There are many different types of lenders out there and it can be a daunting task to figure out whom to go to when you need a mortgage loan. The last thing you want to do is jump at the first offer that looks attractive. For many people this choice may come down to conventional mortgage brokers and hard money lenders. Here is a closer look at how these two differ. Once you familiarize yourself with it you will be able to make the right choice.

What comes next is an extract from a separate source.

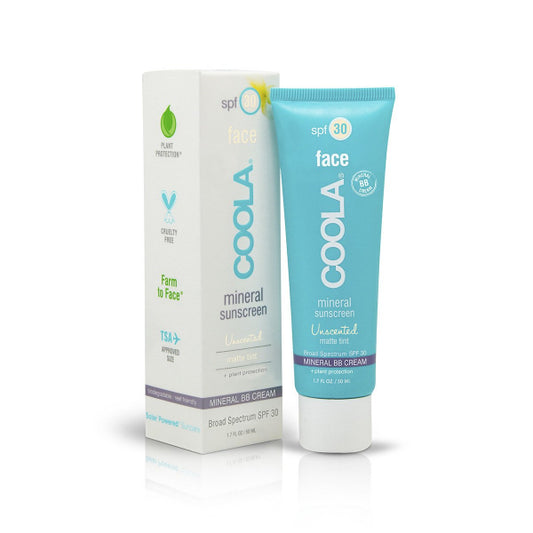 Сонцезахисний крем для обличчя з тоном SPF 30 Coola  50  ml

Individuals and institutions
Most of the conventional lenders work for or with a financial institution. This seems to be the most common type of lender and can be handled by anywhere from one person to a large part of the institution. Where hard money lenders differ is that they very seldom deal with big companies. In the majority of cases you will see them as private individuals who finance the loan.
The type of home
The conventional mortgage broker will be able to supply you with a loan for any number of types of homes and will set up the terms and conditions accordingly. The aim in this case is to help people gain enough to either place a deposit for, or buy a home. People would do this for any number of reasons. With hard money lenders, they are more inclined to lend to people who are looking at houses that could serve as a potential investment. Another aspect would be whether the house is occupied by the owner or not. These kinds of houses usually come with more restrictions and prevent the lender from getting a large number of points.
Dealing with the law
Conventional mortgage lenders are familiar with the laws regarding the most common financial legal issues that they come across. In general they do not encounter many because of the flexibility of the terms and conditions. A hard money lender, on the other hand, often know these laws inside and out because they are met with problems more often than conventional lenders. This is because lending laws are changing and most of them favor the borrower. As such, it can be difficult for lenders to get all their money back if the borrower encounters a problem with repayment.